* **What is expected**:
In the listing below, print exactly the lines between the line holding "Adding creamy curry" and the line holding "Lad stuck in", inclusive, and no more.

* **Provided information**:
=======

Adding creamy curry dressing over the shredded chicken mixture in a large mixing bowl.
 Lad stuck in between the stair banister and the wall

=======

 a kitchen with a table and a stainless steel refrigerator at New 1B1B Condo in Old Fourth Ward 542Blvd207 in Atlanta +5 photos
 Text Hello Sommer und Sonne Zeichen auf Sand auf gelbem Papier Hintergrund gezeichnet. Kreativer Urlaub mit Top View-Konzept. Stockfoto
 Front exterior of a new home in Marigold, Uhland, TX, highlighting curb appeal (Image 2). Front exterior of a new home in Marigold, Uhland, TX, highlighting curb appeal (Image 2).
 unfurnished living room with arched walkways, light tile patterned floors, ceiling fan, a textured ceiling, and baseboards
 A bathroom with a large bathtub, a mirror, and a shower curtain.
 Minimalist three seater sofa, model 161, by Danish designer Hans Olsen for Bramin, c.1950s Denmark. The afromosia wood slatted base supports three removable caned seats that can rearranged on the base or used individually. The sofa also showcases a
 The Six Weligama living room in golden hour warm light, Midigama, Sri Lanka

=======

* **Exercise output**:
Adding creamy curry dressing over the shredded chicken mixture in a large mixing bowl.
 Lad stuck in between the stair banister and the wall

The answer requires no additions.